Возможно, в этом его главный урок, даже более важный, чем мой. В том, что существо, которого мир боится больше всего, может сидеть на скамье в часовне, подбрасывать на колене карапуза, плакать на свадьбе дочери и при этом быть лучшим отцом, которого я когда-либо видела.
Двери открываются.
Входит Марен.
На ней белая шелковая ткань, простая и чистая, а темные волосы уложены в тот же практичный узел, что был у меня в день свадьбы с ее отцом. Никаких камней. Никаких вычурных кос. Просто Марен, как она есть.
Рядом со мной Вейл замирает. Выражение его лица настолько преисполнено чувств, что ими, кажется, можно затопить всю часовню. На скамье между нами его рука находит мою. Его теплые, надежные, чуть подрагивающие пальцы переплетаются с моими и сжимают их.
Я сжимаю в ответ.
– Она такая красивая, – шепчет он, и голос его дает трещину. – Так похожа на тебя, – он поворачивается ко мне, и зелень его глаз сияет невыносимо ярко, в ней плещутся десятилетия мгновений, подобных этому. – Спасибо тебе.
– За что?
Большой палец проводит по моей костяшке – медленно, намеренно, как он делал тысячи раз в тысячи тихих минут за эти двадцать лет.
– За то, что заставила меня выбрать это.
Орган гремит набатом. Марен доходит до алтаря. Эдмунд визжит от восторга, завидев что-то понятное лишь младенцам, а Роуэн подается вперед, наблюдая за сестрой с тем спокойным, сосредоточенным вниманием мальчика, который уже учится нести на себе груз важных решений.
Я кладу голову Вейлу на плечо и смотрю, как наша дочь начинает свою жизнь. Это. Все это. Идеальный счастливый конец.
Он стоил каждой песчинки.
Глава двадцать пятая
Смерть

Золотистый свет льется сквозь открытые окна королевских покоев, ложась пятнами на стеганое одеяло и согревая покоящиеся на нем худые руки. Ее руки. Когда они успели стать такими хрупкими?
Костяшки теперь сильно выпирают, вены проступают сквозь пергаментную кожу. Они совсем не похожи на те руки, что часами сжимали черенок лопаты, или впивались в мой плащ, или прижимали к груди нашего первенца.

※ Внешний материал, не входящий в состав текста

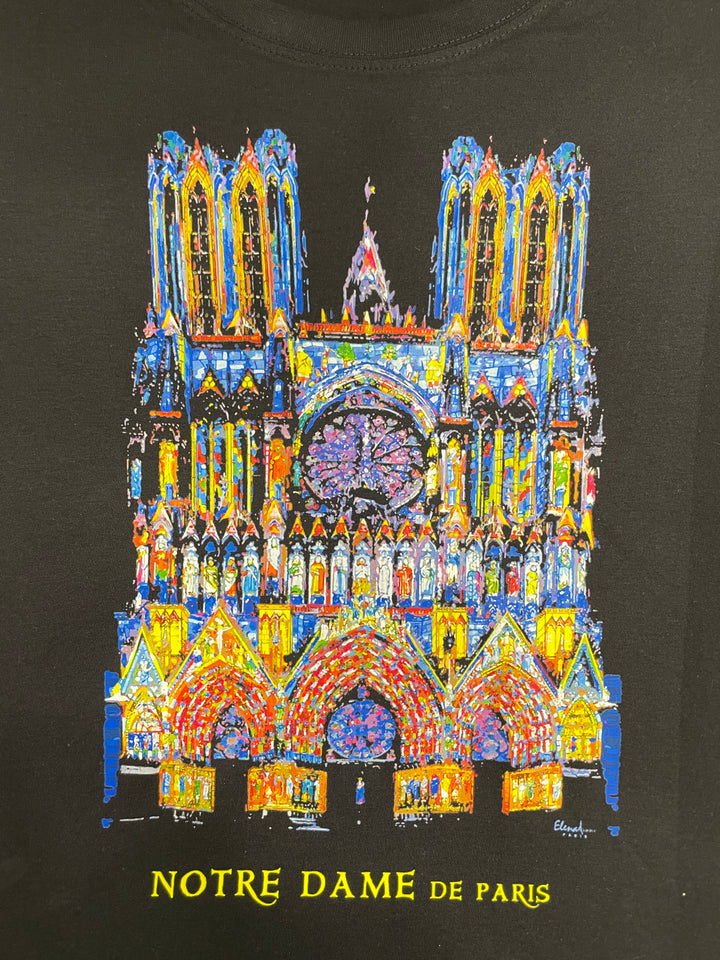 Camiseta Notre-Dame de Paris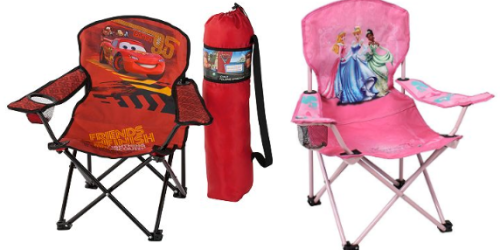 Kohl’s.com: Kids’ Disney or Marvel Folding Chairs Only $7.83 Shipped (Back in Stock!)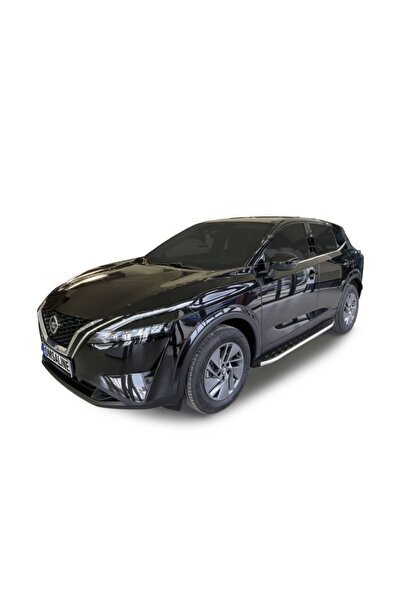 1_org_zoom-861.jpg Nissan Qashqai Blackline Araca Özel Yan Basamak Alüminyum 2022 ve Sonrası - Görsel 1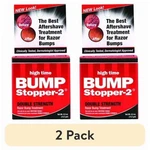 ( Pack ) High Time Bump STOPPER-2 Double Strength Razor Treatment 0.5OZ New. Price: $8.84.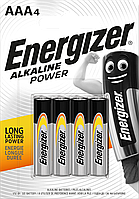 Батарейка ENERGIZER AAA/LR03 Alkaline Power 4шт (12)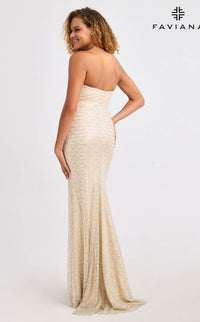 Faviana 11446 Dress view 4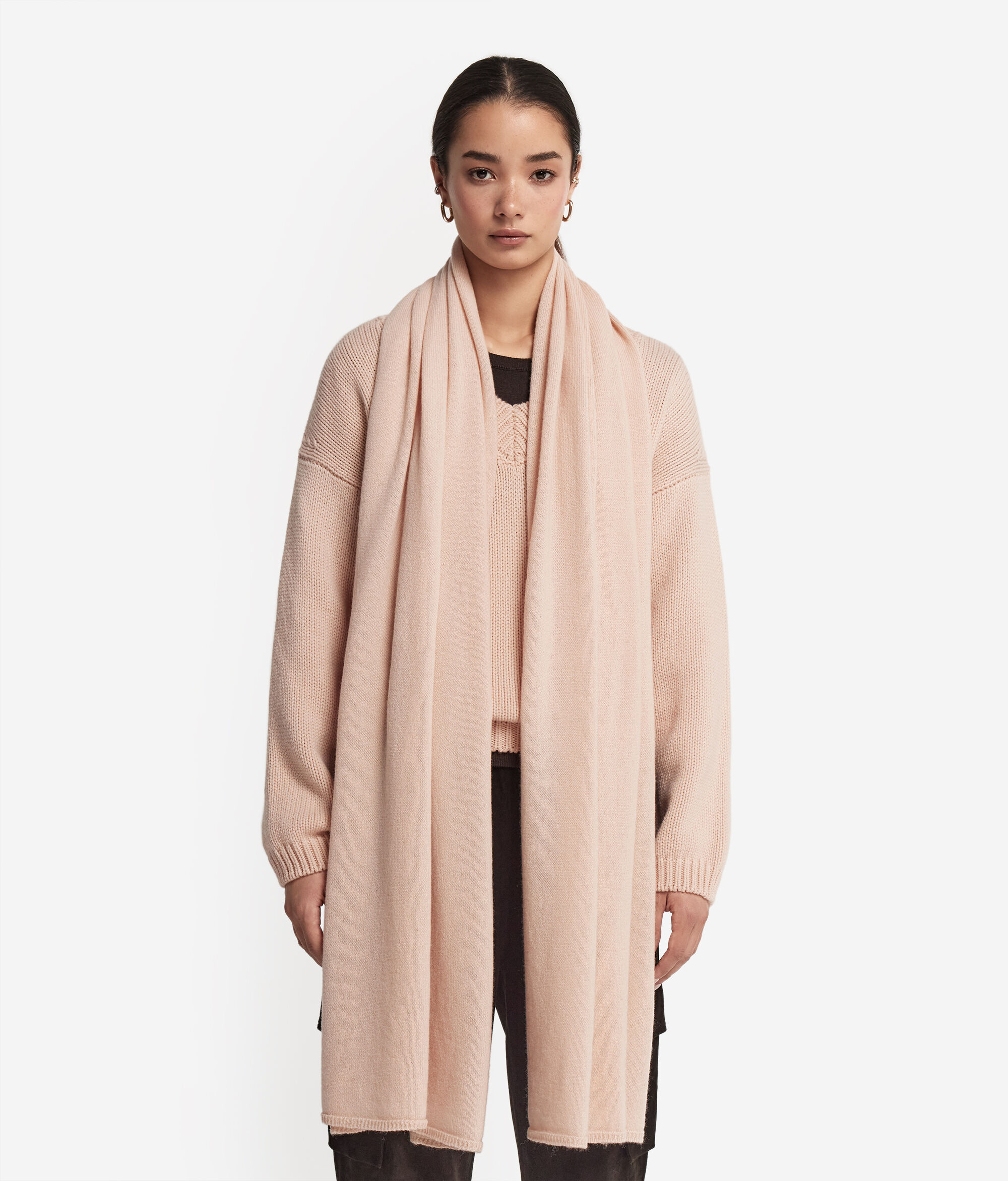 Bufanda de cashmere de mujer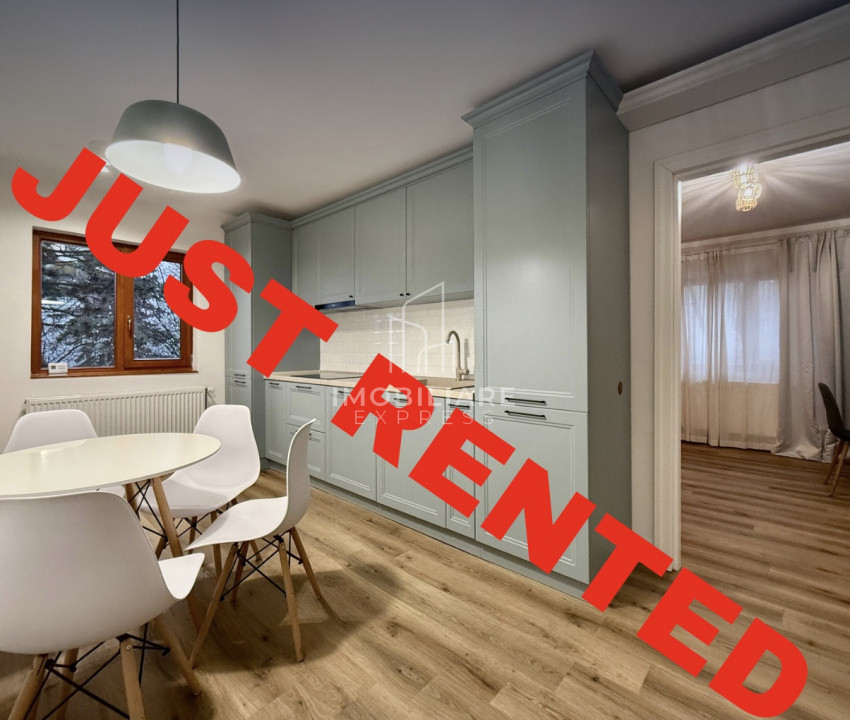 Apartament decomandat, ultrafinisat, prima închiriere – Zorilor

И все же это они. Каждая морщинка, каждое пигментное пятнышко, каждый хруст в суставах – это летопись всего, чего она касалась, что держала и чего отказывалась отпускать.
Сейчас я держу одну из них. Мой костлявый палец обводит ее костяшки в том же медленном ритме, в каком я когда-то, много лет назад, перебирал ее волосы по утрам. Кожа стала дряблой. Более мягкой. Я мог бы составить по ней карту прожитых лет, точно указывая на тот самый рубеж, где она слишком сильно сжала поводья в зиму, когда родился Эдмунд, или на крошечный шрам на указательном пальце от садового ножа в оранжерее королевы Маэрин.
Я смотрю на ее тускнеющую ауру.
Тысяча две.
Тысяча одна.
Это не судорожное угасание больного и не внезапное исчезновение молодого. Это происходит мягче. Свеча догорает в покоях, где она горела очень, очень долго, пламя ее все еще ровное, все еще теплое, просто… более тихое. Маленькое. Оно подбирается к самому краю фитиля с тем изяществом, которое дано немногим смертным.
Ей не больно. Я позаботился об этом – единственное вмешательство, которое она мне позволила: слегка унял последнее напряжение в теле, сглаживая острые углы перехода, как полируют стекло, чтобы песчинки не цеплялись.
– Ты снова на меня уставился, – хрипит она, голос ее тонок, как старый пергамент.
– Любуюсь. – Большой палец продолжает свой путь. – Есть разница.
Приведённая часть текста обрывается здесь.